Eğer BMGK, BM Şartı’na göre gerçek güvenliği sağlayacaksa, ABD’nin baskılarına boyun eğmemeli ve uluslararası hukuk doğrultusunda kararlı bir şekilde hareket etmelidir. Gerçek anlamda barışa yönelik bir karar dört hayati noktayı içermelidir. İlk olarak, ABD’nin vetosunu kaldırmasıyla Filistin Devleti’ni egemen bir BM üyesi devlet olarak karşılamalı. İkincisi, 1967 sınırlarına göre Filistin Devleti ile İsrail’in toprak bütünlüğünü korumalıdır. Üçüncüsü, Müslüman çoğunluğa sahip ülkelerden oluşturulacak, BM Güvenlik Konseyi’nin görevlendireceği bir koruma gücü oluşturmalıdır. Dördüncüsü, tüm savaşan devlet dışı kuruluşların finansmanının kesilmesini ve silahsızlandırılmasını içermeli ve İsrail ile Filistin’in karşılıklı güvenliğini sağlamalıdır.

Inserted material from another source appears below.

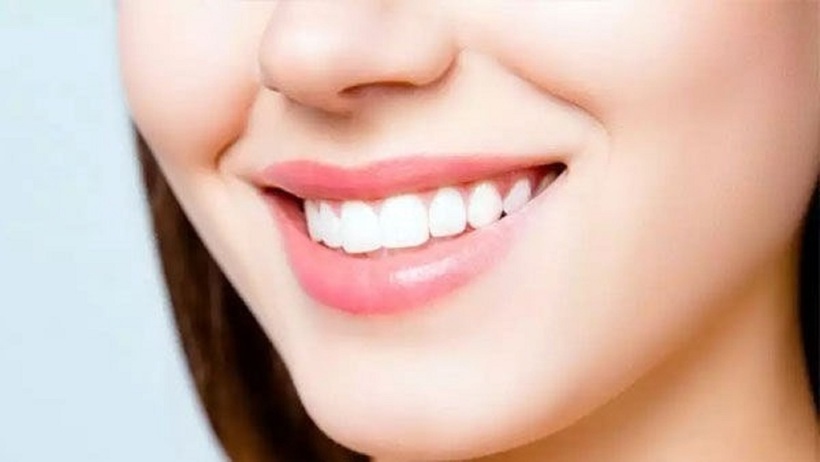 Tác hại của cười nhiều - 1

İki devletli çözüm gerçek barışla ilgilidir; Filistin’deki siyasi katliam ve soykırımla ya da militanların İsrail’e yönelik devam eden saldırılarıyla değil. Artık hem Filistinlilerin hem de İsraillilerin güvende olmasının ve ABD ile İsrail’in, Filistin halkını kalıcı olarak yönetme yönündeki zalim yanılsamasından vazgeçmesinin zamanı geldi.

Bu makalede ifade edilen görüşler yazarlara aittir ve Al Jazeera’nin yayın politikasını yansıtmayabilir.